Messaging is a very powerful tool in business, life and anywhere we communicate really. As my inbox has been bloated all week with Black Friday offers, it bothered me to see so many great brands discounting even in territories where Thanksgiving isn’t celebrated. We are an increasingly global world, I get that, but I also like the quirky local events to remain local rather than to become global commercial phenomena.

Discounting no matter for what reason, may create the perception of cheap and desperate. Since last Monday anything from consumer goods, to restaurants, courses, memberships, softwares, etc. have paraded through my inbox with 50 to 75% off deals. One begs the question how their prices were so inflated in the first place, if they can afford to deflate them so much for “Black Friday”. The first mail got some attention, but after about 30, and it’s not even Friday yet, I have to say it starting to have an air of desperation about it.

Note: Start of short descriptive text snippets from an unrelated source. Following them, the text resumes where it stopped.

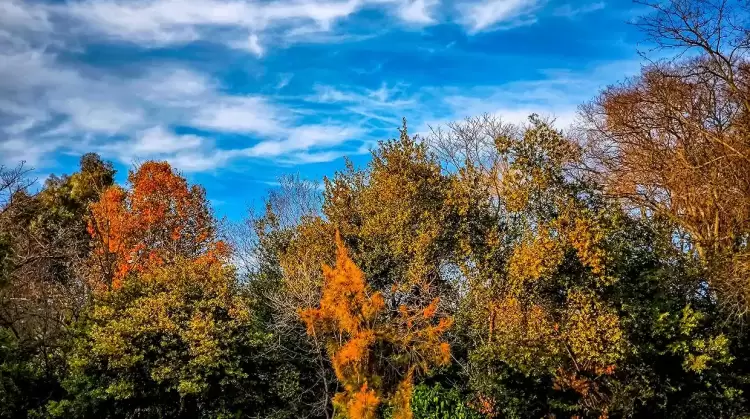 Πώς θα είναι ο καιρός σε Κοζάνη και Δυτική Μακεδονία σήμερα Τρίτη, 27 Μαΐου 2025: Γενικά αίθριος με πρόσκαιρες νεφώσεις Πώς θα είναι ο καιρός σε Κοζάνη και Δυτική Μακεδονία σήμερα Τρίτη, 27 Μαΐου 2025: Γενικά αίθριος με πρόσκαιρες νεφώσεις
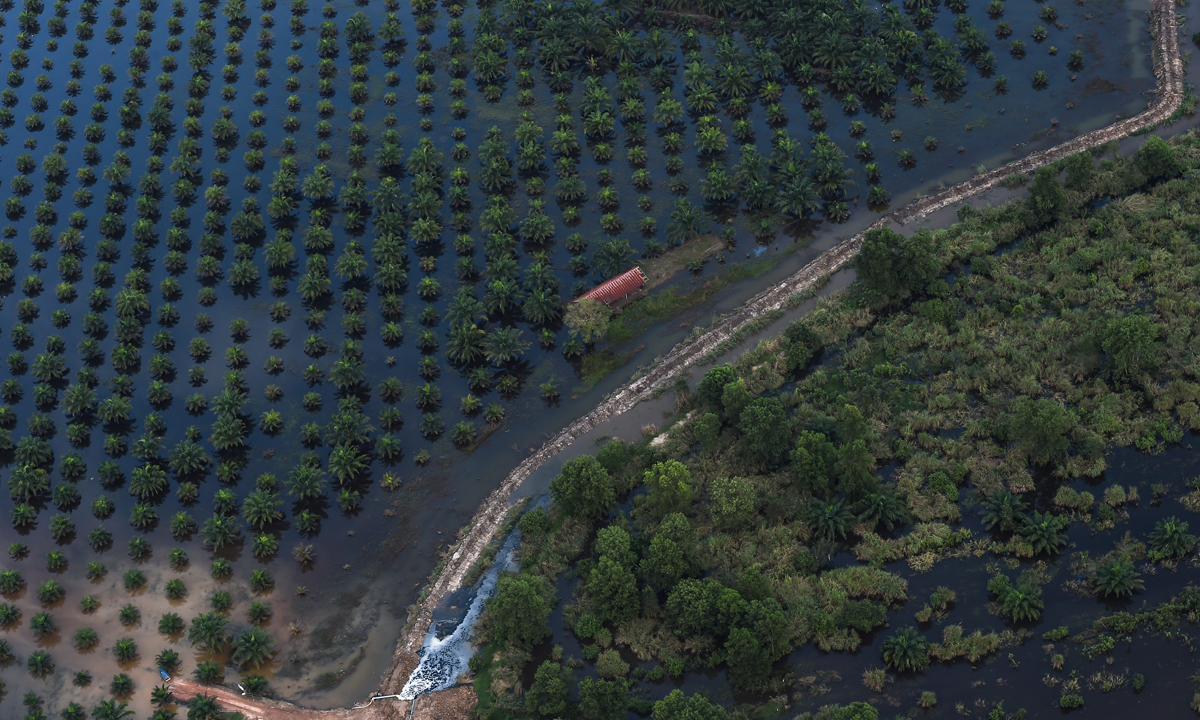 Thailandia, un mese di alluvioni – Foto Thailandia, un mese di alluvioni – Foto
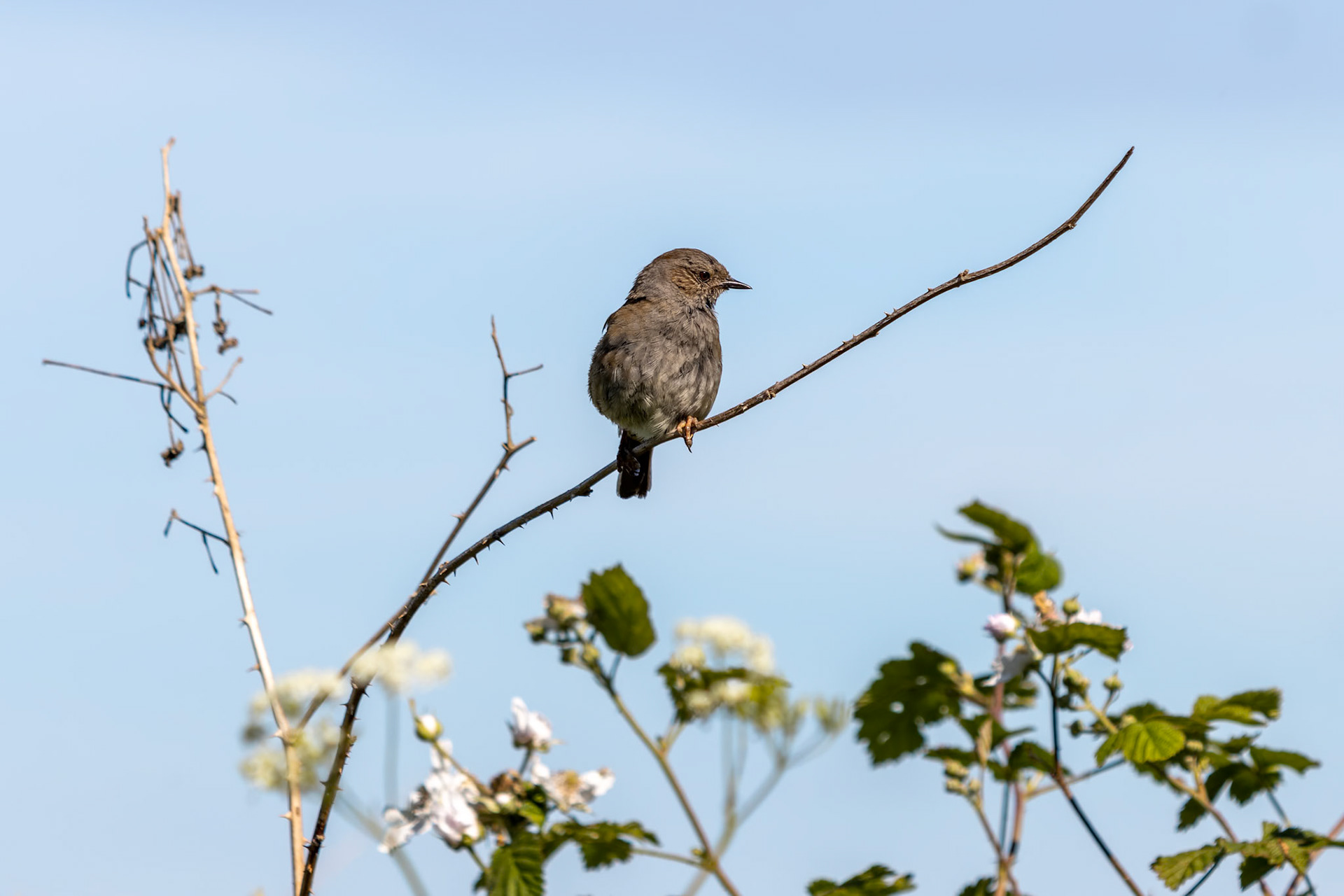 Hedge Accentor (Dunnock) perching on a dead stem near East Grinstead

Attaching discounts or special pricing to an event, has been an age old marketing trick the world over. But if you think of it from the customer or potential customers’ perspective, you have now successfully devalued your price and for your shareholders probably your profit margin also. I used to work with sales people, who often generously dish out discounts to close a deal. Each time we calculated how much revenue (and commission) they lost out on, usually turned the lights back on to being much more convincing on the benefits of the product or service. Maybe this memo has not reached marketing yet and maybe they are not measured by the same key performance indicators and possibly are not commission structured.

Customer centric design would suggest making the customer feel special. Deal hunter types will buy on Black Friday and the occasional more loyal fan. But the reality is most people if the celebrate Thanksgiving they will be with family in either a happy or stressed place. The ones like me, in a different geographic region find the discount bonanza bemusing and after the 5th message start sending them straight to the bin folder.

I have yet to receive gamified offers, which may leave my discount up to chance. From a motivational perspective, I see very little effort being made to appeal to what is happening to me the potential user at this time of year. Assumptions of me being interested in your product are seemingly standard practise. Aggregator companies such as Amazon, Udemy and others representing several brands are a little smarter in offering somewhat more tailored offers based on my previous purchases, but as a rule even there I am pushed to explore irrelevant items.

I think there is scope for a treasure hunt or a spin the wheel deal or similar to have some interaction and some positive feeling in what otherwise seems like a mind-numbing exercise that can affect the company bottomline quite a lot.